For instance, in the climactic light saber fight, will Melania take on the giant space centipede in the obligatory Thong Bikini That Leaves Nothing To The Imagination?

(I'm guessing yes)

Also, will there be an epic catfight with Joan Collins at some point? 

(Because there always has to be an epic catfight with Joan Collins at some point)

Will there be a torrid love scene with Glen Powell, who plays the obligatory Wisecracking Secret Service Agent With A Heart Of Gold? And will Melania's husband, President Donald John Trump Esq. -- portrayed by the late Soupy Sales -- discover them, fly into a rage and invade, I don't know, Uruguay, perhaps?

(Unquestionably)

Will Dr. Evil make an appearance? And will he capture Melania, whisk her off to  Mar-a-Lago and inflate her lips to the size of dirigibles?

(Surprise cameos by Kristi Noem, Kimberley Guilfoyle, Lara Loomer et al)

Will Melania then find Diana Rigg's long-lost martial arts unitard from "The Avengers", and, inspired, put it on and kick the hell out of Dr.
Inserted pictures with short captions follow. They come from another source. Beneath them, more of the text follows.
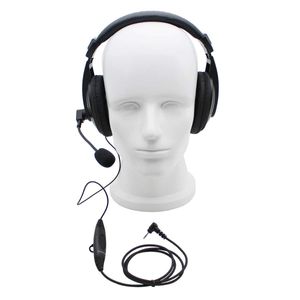 GoodQbuy - Auriculares con micrófono PTT Boom para Motorola MH230R MT350R MT352R MS355R MR355R Talkabout 2 (2 vías, 1 pin)
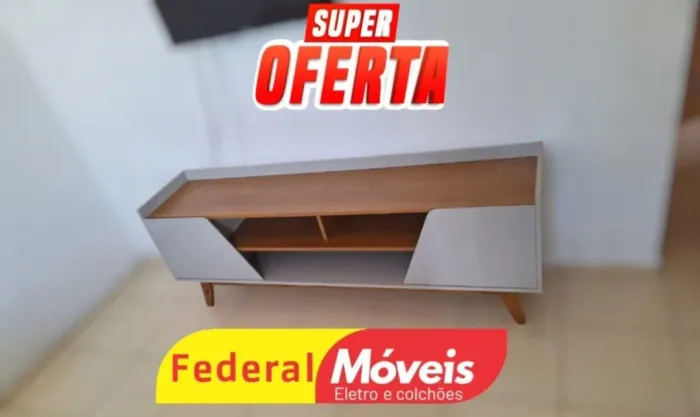 Rack Simples Novo - Moderno, Compacto e Funcional!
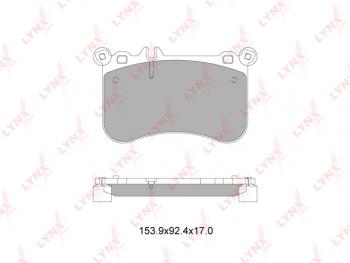 3 499 р. Колодки тормозные MERCEDES E (W212) передние (4шт.) LYNX (bd5355). Увеличить фотографию 2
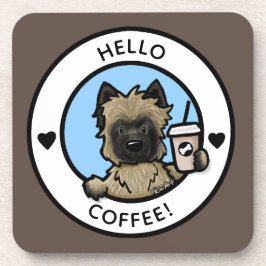 KiniArt Cairn Coffee Lover Hard plastic Untersetze Getränkeuntersetzer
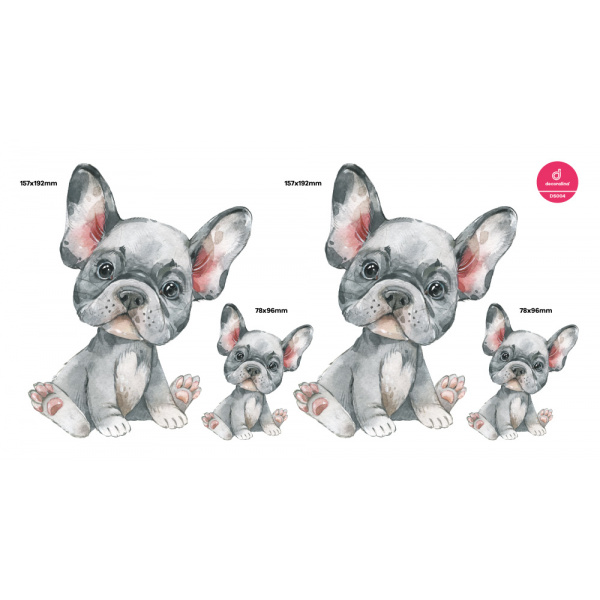 Decoralina - FrenchBulldog set - DS004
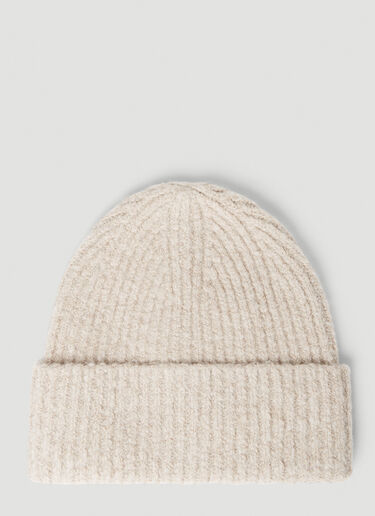 Acne Studios Knit Beanie Hat Beige acn0152036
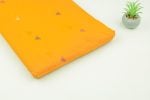Orange Woven Design Flowy HandLoom Pure Soft Cotton Fabric - Image 2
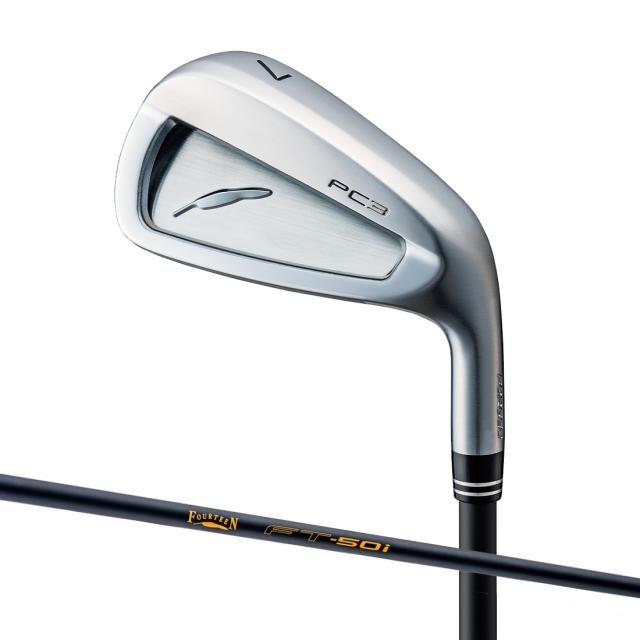フォーティーン New PC-3 アイアン 4本セット(＃7〜P) (FT-50i カーボンシャフト・ワンフレックス)  NEWPC3_I7-P_FT50I返品種別A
Evil?

(Surprise cameo by Mr. Miyagi)

Will Melania and Glen Powell live happily ever after, like Sigourney Weaver and Kevin Kline in "Dave"? Will there be yet another surprise cameo, this one by Martin Sheen as former President Jed Bartlet? And will the real Donald John Trump Esq. demand his own cameo, which then will magically be expanded into a Major Starring Role?

Do we even have to ask that last question?